How to deal with NaN values?

gcincilla · November 12, 2014, 6:08pm

Hi guys,

The missing value node in the standard knime repository it is very useful, because it allows to filter out rows containing missing values or alternatively substitute them with some useful value from the data (e.g. mean, max, min, etc.). Anyway this node account only for the missing values and not also for the “NaN” values (or "infinite" ones) which are generated by some nodes. Is there a specific way to treat those?

If not, could it be interesting to (optionally?) include those to be managed in future versions of Missing Value node?

Thanks for any feedback,

Gio

thor · November 12, 2014, 8:06pm

I agree that it's currently quite hard to deal with NaN in KNIME. You can use the Java Snippet Row Filter to remove rows with NaN (e.g. "return !Double.isNaN(xxx)"), but this is about it.
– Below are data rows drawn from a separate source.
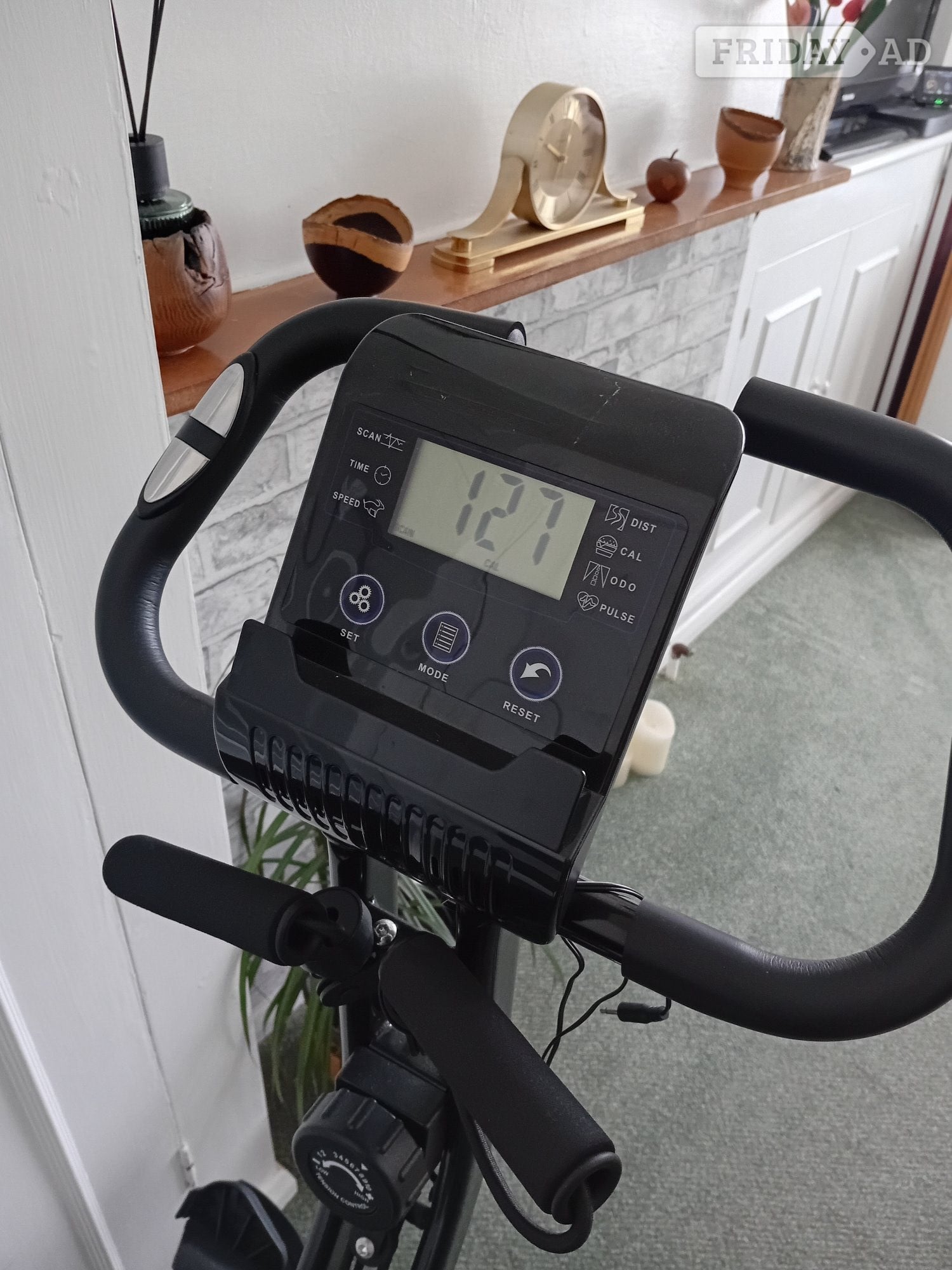 Fitness exercise cycle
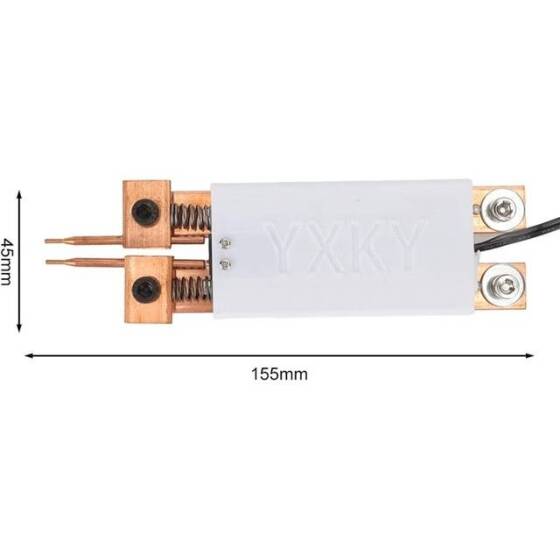 White DIY Integrated Spot Welding Pen Spot-Welding Machine - 5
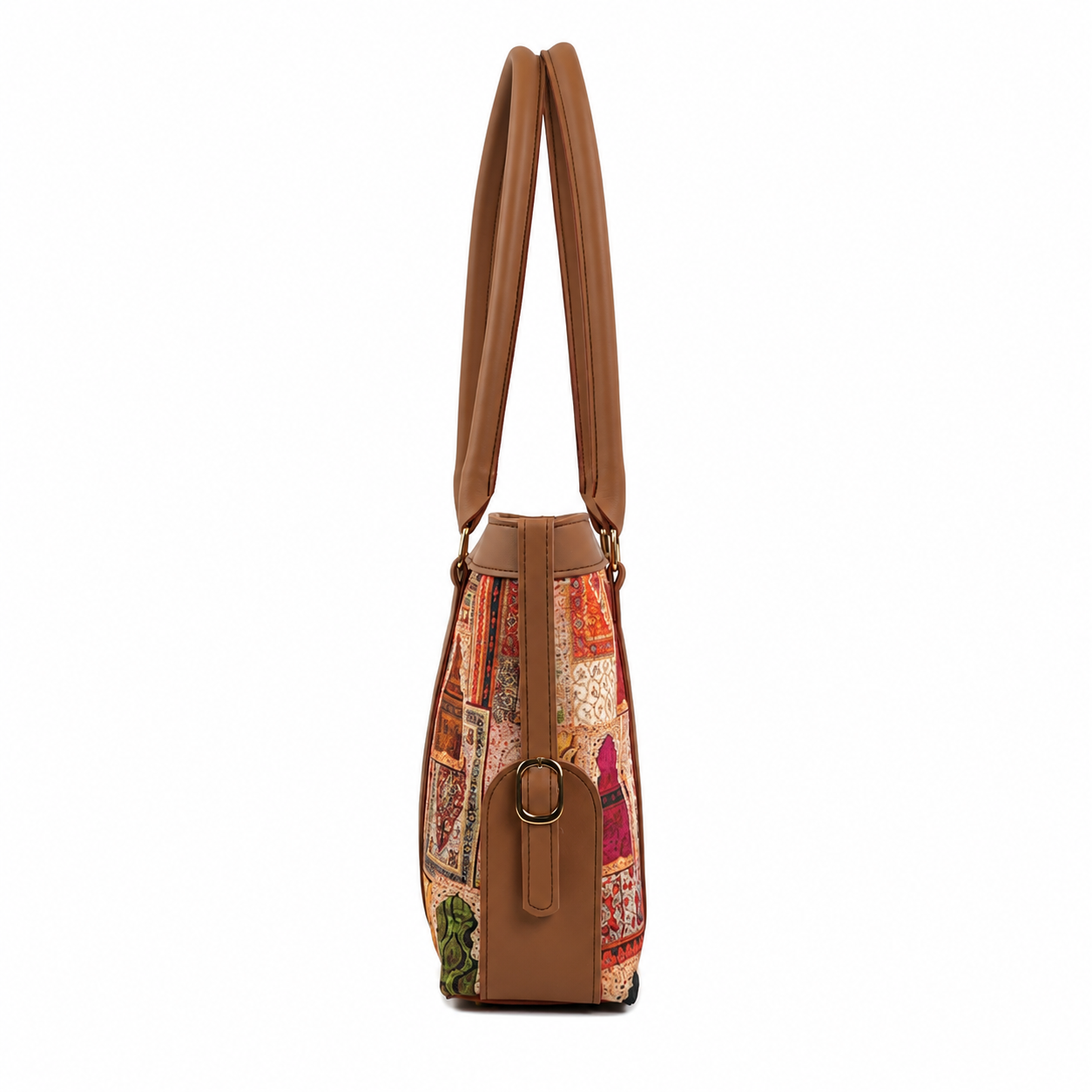 Mughal Patchwork Tote Bag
However, the missing value node is the wrong place, because NaN is something very different from a missing value. If you, for example, divide 0/0 you get NaN. But this is certainly not a missing value.

gcincilla · November 13, 2014, 10:42am

OK Thor, you're completely right, the Missing Value node is not a good place to incorporate a functionality for the management of NaN. Maybe we can think to an ad hoc node to deal with all non-finite quantities (NaN, infinites, etc.)

Thanks for your solution with the Java Snippet Row Filter node. It works well. Finally I was doing the same using a Row Filter node and a regex.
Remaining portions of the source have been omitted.